Monday, May. 21, 1951
The New Shows
Strike It Rich (weekdays 11:30 a.m., CBS-TV), a veteran radio giveaway, makes its TV bow with a noisy M.C. (Warren Hull), an even noisier studio audience, and a batch of contestants who can win as much as $500 (sample question: "What great U.S. President married Martha Custis?"). Before, during and after the questions, Sponsor Colgate-Palmolive-Peet hawks its products with giant display cards, man-sized toothpaste tubes, animated cartoons, singing commercials, and free samples dumped in each contestant's lap.

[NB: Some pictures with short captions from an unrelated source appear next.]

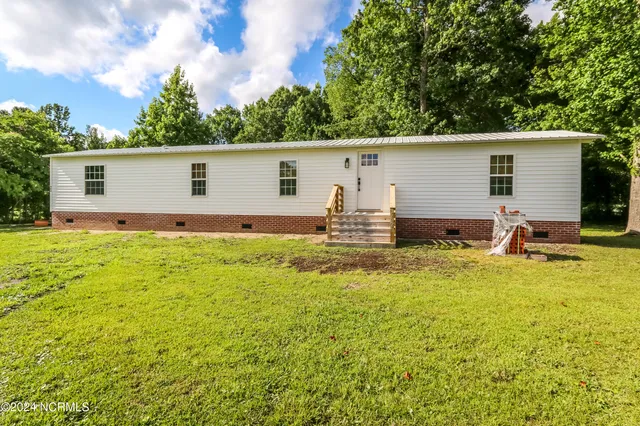 $1,400 | 502 East Branch Drive, Newport, NC 28570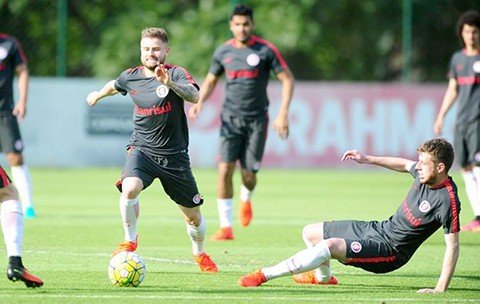 duelo-de-desesperados-america-mg-recebe-inter-hoje-1 Com treino na Cidade do Galo, ontem, Colorado encerra preparação para jogo. - Foto: Ricardo Duarte/Inter/Divulgação/Notisul.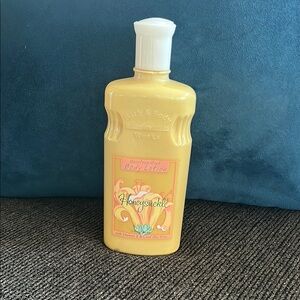 RARE Bath & Body Works Honeysuckle Body Lotion - Yellow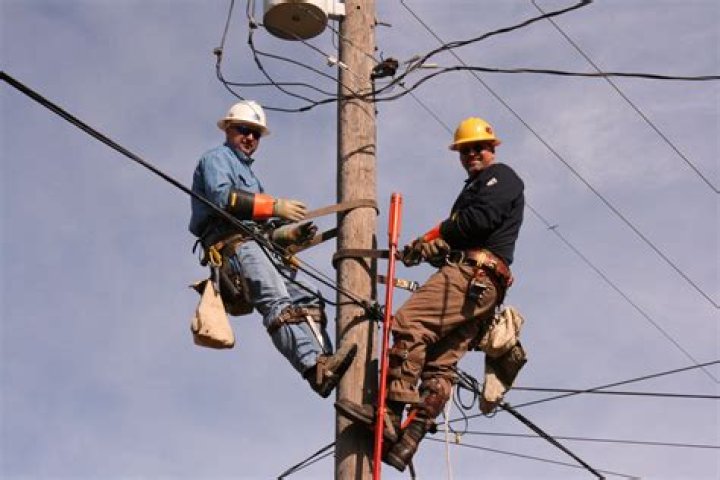 What is the highest paid Power lineman?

Altar Bound (weekdays 4:15 P-M)-, ABC), transcribed at Los Angeles' Marriage License Bureau, turns loose an exclamatory interviewer named Bob Moon ("You say you're a handbag manufacturer!") on a succession of soon-to-be-wed couples. The ensuing chitchat, enlivened by gushing superlatives, arch evasions and coy giggles, makes no major contribution to the art of man-on-the-street interviewing.
Family Circle (weekdays 3 p.m., ABC) is a collection of songs, verse, interviews and chatter, propelled through the wasteland of daytime radio by a glib and determinedly jolly M.C. named Walter Kiernan. Typical guest: Actress Sarah Churchill, who was allowed to tell the plot of her current Broadway show, Gramercy Ghost. In exchange, Kiernan asked how her father, Winston Churchill, felt about her becoming an actress ("he thought it was a whim").
Pentagon-Washington (Sun. 8:30p.m., Du Mont) is a joint effort of the network and the U.S. Department of Defense, devoted mainly to a briefing on the Korean war, with long and necessarily dated reports filed by spokesmen for the Army, Navy & Air Force. The filmed show ends with newsmen asking obviously prepared questions of Secretary of the Air Force Thomas K. Finletter and getting obviously prepared answers.